What if C++ had built-in audio semantics? What if you could develop C++ plugins, live in the DAW?

14:00 - 17:00 Monday 11th November 2024 BST Empire
Beginner
Intermediate
Advanced

A practical introduction to Klang, a C++ dialect (language extension) for audio, and rapIDE (rapid audio prototyping IDE), a complete C++ development environment in a DAW plugin, supporting live code editing, recompiling, and debugging. Developed to improve the liveness and usability of professional DSP practices, both tools facilitate the expressive design of new interfaces, sounds, and audio processes, while lowering the threshold to C++ for newcomers and learners, without compromising its expressive ceiling or performance.

ABOUT THE WORKSHOP

The workshop will feature discussions, live demonstrations, structured practical exercises, and assisted open exploration of the Klang language and rapIDE development platform, both available free for non-commercial use.

ABOUT THE TECHNOLOGIES

Screen shot of Klang Studio (rapIDE).The Klang language (http://github.com/nashaudio/klang) is a single header include, compatible with any C++17 enabled platform, transforming C++ into an audio programming language with rich support for audio types, processes, and DSP primitives - notably also adding support for concise, explicit expressions of signal flow, allowing C++ code to more closely mirror block diagrams:

  signal mod = lfo(3) * 0.5 + 0.5;
  in >> lpf(mod) >> out;

The rapIDE IDE (aka Klang Studio; http://nash.audio/klang/studio) is a suite of cross-platform (Windows/Mac) audio plugins (in VST and AU format) that contain a complete integrated development environment (IDE) based on the LLVM/clang toolchain, supporting live, in-plugin coding, compiling, hot-swapping, analysis, graphing, and debugging without stopping the host (or even playback). Designed for rapid prototyping of C++ audio processes (e.g. synthesisers, effects), rapIDE is designed to integrate with existing workflows, such as desktop, embedded, and web audio development, but also provide a more immediate and immersive way to explore sound with C++.

FURTHER INFORMATION

Both technologies are pre-release and under active development, maintained by nash.audio, a non-profit organisation supporting projects in music and technology. Delegates require a Windows or Mac laptop, and are recommended to download and install rapIDE (aka Klang Studio) from nash.audio/klang in advance of the session.

Chris Nash

Director / Founder

nash.audio

Chris Nash is a software developer, composer, educator and researcher in things that go beep in the night. Following a PhD on music software design at Cambridge, he has worked on technology and music projects across academia and industry, including for the BBC, Steinberg/Yamaha, and multiple start-ups, and independently develops and maintains several software projects, specialising in computer music and making music programming more accessible, including Manhattan (a hybrid DAW/programming language), Klang (a C++ dialect for audio), rapIDE (a plug-in based C++ IDE) and reViSiT (an award-winning plug-in based sound tracker).

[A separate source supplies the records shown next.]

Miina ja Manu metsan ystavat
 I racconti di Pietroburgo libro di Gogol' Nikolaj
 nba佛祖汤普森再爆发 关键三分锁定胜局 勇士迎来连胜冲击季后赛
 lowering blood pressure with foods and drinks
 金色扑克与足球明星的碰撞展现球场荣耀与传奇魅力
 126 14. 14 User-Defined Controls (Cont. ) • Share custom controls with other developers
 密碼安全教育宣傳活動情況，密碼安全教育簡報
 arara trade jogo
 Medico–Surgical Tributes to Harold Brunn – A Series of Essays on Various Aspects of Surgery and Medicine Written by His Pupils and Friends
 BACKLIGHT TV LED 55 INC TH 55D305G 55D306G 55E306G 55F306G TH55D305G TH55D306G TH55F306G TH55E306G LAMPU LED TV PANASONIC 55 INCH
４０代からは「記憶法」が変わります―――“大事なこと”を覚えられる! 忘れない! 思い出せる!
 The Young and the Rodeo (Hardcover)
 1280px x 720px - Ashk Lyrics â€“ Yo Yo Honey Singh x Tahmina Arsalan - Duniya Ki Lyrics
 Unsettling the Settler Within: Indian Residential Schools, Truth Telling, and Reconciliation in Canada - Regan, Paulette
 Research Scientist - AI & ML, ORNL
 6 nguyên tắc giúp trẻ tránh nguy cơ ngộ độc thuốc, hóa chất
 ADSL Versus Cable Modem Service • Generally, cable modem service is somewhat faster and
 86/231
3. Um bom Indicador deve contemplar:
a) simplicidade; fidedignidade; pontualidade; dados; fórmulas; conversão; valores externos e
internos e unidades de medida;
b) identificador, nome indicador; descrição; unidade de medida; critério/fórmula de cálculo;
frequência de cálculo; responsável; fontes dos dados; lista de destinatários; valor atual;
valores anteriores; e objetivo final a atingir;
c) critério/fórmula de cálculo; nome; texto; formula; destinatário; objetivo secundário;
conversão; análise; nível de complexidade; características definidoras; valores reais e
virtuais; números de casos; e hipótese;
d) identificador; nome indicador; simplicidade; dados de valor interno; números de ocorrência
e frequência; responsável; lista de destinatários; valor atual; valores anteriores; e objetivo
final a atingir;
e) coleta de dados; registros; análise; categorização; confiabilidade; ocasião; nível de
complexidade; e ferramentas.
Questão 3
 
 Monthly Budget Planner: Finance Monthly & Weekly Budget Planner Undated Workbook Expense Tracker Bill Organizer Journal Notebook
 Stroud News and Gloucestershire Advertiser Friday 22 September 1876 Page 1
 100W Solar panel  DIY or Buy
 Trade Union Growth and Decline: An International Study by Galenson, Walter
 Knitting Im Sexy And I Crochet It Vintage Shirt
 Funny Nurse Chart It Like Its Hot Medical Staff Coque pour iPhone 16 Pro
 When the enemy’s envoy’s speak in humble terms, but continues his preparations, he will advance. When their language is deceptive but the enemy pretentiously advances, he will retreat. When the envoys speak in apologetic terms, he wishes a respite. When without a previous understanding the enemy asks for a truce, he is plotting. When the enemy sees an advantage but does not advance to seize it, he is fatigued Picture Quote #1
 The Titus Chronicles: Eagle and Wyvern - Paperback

He is currently Senior Lecturer in Software Development for Audio, Sound, and Music at UWE Bristol, and recently founded nash.audio, a non-profit organisation supporting creativity and learning in music technology. Working with London-based Point Blank Music School, Dr Nash is the architect of the forthcoming MuSE (Music Systems Engineering) course, developed in collaboration with industry to be the world's first professional audio developer degree programme.